• _THE TASK_
What you return must be an exact copy of the lines in the listing below between the line holding "Floral Moroccan Tile" and the line holding "Rose Microblading Makeup", inclusive, and nothing more.
*** Opening RECORDED DATA ***
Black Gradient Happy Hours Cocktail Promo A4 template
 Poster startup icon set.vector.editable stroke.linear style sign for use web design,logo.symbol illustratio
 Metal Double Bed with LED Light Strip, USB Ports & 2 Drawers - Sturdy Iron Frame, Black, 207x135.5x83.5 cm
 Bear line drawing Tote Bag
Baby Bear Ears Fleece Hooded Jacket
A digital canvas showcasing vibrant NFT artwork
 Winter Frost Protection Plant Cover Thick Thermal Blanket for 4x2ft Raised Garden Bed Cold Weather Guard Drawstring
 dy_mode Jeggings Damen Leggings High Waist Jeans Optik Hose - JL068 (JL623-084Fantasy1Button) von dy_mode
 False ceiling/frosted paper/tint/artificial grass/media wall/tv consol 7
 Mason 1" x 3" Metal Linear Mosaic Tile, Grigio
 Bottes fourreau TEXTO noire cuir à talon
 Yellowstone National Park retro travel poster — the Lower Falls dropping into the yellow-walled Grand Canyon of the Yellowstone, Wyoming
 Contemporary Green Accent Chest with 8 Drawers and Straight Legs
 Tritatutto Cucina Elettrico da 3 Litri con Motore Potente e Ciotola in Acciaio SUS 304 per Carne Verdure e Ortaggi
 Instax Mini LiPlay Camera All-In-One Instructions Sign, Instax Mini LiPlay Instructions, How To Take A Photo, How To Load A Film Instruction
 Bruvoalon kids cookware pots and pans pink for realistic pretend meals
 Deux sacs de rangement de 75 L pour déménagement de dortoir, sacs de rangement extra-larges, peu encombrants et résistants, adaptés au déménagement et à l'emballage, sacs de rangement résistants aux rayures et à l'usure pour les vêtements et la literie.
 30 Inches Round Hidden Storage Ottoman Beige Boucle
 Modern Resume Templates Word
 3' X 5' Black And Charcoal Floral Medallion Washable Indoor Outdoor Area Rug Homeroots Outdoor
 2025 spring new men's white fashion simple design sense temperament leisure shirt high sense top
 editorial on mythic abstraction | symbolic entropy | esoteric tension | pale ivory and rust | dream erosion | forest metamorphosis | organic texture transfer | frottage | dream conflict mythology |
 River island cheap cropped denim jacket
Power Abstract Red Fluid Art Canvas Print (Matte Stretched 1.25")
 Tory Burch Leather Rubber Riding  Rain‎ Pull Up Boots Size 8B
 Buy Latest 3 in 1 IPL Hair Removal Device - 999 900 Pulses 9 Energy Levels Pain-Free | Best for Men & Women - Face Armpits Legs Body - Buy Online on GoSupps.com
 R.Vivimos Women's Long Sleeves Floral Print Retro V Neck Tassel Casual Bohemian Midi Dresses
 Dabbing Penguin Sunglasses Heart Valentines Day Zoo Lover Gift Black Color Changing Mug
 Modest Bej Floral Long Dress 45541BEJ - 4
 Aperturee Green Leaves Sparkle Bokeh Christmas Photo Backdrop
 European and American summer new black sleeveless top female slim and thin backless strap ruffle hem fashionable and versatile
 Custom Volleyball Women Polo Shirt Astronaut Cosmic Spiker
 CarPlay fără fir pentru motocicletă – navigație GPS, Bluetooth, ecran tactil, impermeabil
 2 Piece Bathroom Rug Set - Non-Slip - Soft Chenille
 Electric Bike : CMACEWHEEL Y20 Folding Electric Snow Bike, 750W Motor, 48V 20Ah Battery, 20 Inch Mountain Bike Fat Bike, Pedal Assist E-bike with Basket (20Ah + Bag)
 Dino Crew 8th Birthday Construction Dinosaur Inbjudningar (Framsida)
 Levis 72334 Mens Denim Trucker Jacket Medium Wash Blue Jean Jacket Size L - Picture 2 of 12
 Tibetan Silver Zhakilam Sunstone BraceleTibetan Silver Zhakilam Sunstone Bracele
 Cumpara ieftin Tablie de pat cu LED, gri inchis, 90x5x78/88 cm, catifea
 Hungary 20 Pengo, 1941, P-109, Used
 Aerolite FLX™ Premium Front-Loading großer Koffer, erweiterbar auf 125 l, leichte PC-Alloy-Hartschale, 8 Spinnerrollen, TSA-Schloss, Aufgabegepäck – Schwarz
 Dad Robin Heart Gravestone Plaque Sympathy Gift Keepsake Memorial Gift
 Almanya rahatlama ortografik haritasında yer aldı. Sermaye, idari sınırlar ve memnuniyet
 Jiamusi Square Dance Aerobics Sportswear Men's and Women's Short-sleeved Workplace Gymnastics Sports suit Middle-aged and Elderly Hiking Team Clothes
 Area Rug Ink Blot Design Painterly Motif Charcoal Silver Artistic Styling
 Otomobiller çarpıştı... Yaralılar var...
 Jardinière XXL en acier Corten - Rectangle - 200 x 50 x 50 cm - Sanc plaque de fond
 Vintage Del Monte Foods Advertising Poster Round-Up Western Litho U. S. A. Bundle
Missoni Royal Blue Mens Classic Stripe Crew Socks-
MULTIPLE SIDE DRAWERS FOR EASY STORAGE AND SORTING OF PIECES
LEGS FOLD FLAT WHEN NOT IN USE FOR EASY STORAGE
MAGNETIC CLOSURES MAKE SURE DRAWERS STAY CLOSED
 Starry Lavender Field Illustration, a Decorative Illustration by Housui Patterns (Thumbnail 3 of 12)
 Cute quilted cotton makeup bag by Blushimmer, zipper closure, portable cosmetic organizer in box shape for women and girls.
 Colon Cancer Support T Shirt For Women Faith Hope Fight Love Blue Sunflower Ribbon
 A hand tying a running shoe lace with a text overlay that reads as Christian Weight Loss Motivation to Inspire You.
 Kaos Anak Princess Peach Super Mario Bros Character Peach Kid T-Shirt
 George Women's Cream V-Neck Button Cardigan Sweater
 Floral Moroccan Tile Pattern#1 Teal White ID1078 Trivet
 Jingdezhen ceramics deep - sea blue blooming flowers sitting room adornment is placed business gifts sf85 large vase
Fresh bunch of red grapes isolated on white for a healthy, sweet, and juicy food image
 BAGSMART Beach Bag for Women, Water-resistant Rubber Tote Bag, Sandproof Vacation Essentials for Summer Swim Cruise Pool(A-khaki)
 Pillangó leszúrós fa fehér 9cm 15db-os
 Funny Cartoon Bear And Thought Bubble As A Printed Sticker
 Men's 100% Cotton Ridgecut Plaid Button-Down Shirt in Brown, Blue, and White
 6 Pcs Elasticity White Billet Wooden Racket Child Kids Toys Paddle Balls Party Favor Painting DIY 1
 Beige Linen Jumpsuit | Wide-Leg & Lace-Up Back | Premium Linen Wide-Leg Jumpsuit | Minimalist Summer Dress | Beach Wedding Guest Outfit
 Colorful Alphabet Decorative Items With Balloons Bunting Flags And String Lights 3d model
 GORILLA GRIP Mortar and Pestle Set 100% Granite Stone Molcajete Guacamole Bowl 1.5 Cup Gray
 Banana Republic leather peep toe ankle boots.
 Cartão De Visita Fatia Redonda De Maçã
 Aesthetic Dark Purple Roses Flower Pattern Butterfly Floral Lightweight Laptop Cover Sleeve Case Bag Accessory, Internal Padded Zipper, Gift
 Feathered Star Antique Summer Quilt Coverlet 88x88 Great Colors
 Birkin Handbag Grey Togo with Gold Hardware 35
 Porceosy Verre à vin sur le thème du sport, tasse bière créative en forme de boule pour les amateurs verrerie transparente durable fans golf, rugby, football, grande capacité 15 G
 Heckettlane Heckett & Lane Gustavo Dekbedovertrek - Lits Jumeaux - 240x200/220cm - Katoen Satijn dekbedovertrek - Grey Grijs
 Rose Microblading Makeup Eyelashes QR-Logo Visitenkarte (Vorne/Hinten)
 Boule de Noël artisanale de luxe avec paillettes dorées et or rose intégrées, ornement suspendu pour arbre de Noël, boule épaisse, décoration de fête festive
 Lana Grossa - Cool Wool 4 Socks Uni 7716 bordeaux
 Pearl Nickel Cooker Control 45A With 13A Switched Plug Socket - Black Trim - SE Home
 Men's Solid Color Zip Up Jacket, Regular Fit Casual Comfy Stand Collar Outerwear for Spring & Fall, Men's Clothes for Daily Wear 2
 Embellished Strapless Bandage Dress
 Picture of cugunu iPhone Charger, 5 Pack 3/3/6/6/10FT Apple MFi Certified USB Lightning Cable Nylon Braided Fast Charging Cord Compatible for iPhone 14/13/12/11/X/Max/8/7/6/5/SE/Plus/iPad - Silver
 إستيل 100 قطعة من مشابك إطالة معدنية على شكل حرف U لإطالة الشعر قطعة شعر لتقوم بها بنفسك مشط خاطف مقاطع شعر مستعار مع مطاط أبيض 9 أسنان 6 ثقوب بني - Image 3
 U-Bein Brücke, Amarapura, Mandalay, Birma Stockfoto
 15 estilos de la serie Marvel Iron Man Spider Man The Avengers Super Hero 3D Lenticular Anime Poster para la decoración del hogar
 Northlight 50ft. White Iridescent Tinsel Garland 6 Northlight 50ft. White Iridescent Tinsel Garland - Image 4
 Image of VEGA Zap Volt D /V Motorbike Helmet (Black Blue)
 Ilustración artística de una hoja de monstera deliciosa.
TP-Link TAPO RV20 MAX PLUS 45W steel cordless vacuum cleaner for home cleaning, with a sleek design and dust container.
*** Closing RECORDED DATA ***
• _OUTPUT_
 Floral Moroccan Tile Pattern#1 Teal White ID1078 Trivet
 Jingdezhen ceramics deep - sea blue blooming flowers sitting room adornment is placed business gifts sf85 large vase
Fresh bunch of red grapes isolated on white for a healthy, sweet, and juicy food image
 BAGSMART Beach Bag for Women, Water-resistant Rubber Tote Bag, Sandproof Vacation Essentials for Summer Swim Cruise Pool(A-khaki)
 Pillangó leszúrós fa fehér 9cm 15db-os
 Funny Cartoon Bear And Thought Bubble As A Printed Sticker
 Men's 100% Cotton Ridgecut Plaid Button-Down Shirt in Brown, Blue, and White
 6 Pcs Elasticity White Billet Wooden Racket Child Kids Toys Paddle Balls Party Favor Painting DIY 1
 Beige Linen Jumpsuit | Wide-Leg & Lace-Up Back | Premium Linen Wide-Leg Jumpsuit | Minimalist Summer Dress | Beach Wedding Guest Outfit
 Colorful Alphabet Decorative Items With Balloons Bunting Flags And String Lights 3d model
 GORILLA GRIP Mortar and Pestle Set 100% Granite Stone Molcajete Guacamole Bowl 1.5 Cup Gray
 Banana Republic leather peep toe ankle boots.
 Cartão De Visita Fatia Redonda De Maçã
 Aesthetic Dark Purple Roses Flower Pattern Butterfly Floral Lightweight Laptop Cover Sleeve Case Bag Accessory, Internal Padded Zipper, Gift
 Feathered Star Antique Summer Quilt Coverlet 88x88 Great Colors
 Birkin Handbag Grey Togo with Gold Hardware 35
 Porceosy Verre à vin sur le thème du sport, tasse bière créative en forme de boule pour les amateurs verrerie transparente durable fans golf, rugby, football, grande capacité 15 G
 Heckettlane Heckett & Lane Gustavo Dekbedovertrek - Lits Jumeaux - 240x200/220cm - Katoen Satijn dekbedovertrek - Grey Grijs
 Rose Microblading Makeup Eyelashes QR-Logo Visitenkarte (Vorne/Hinten)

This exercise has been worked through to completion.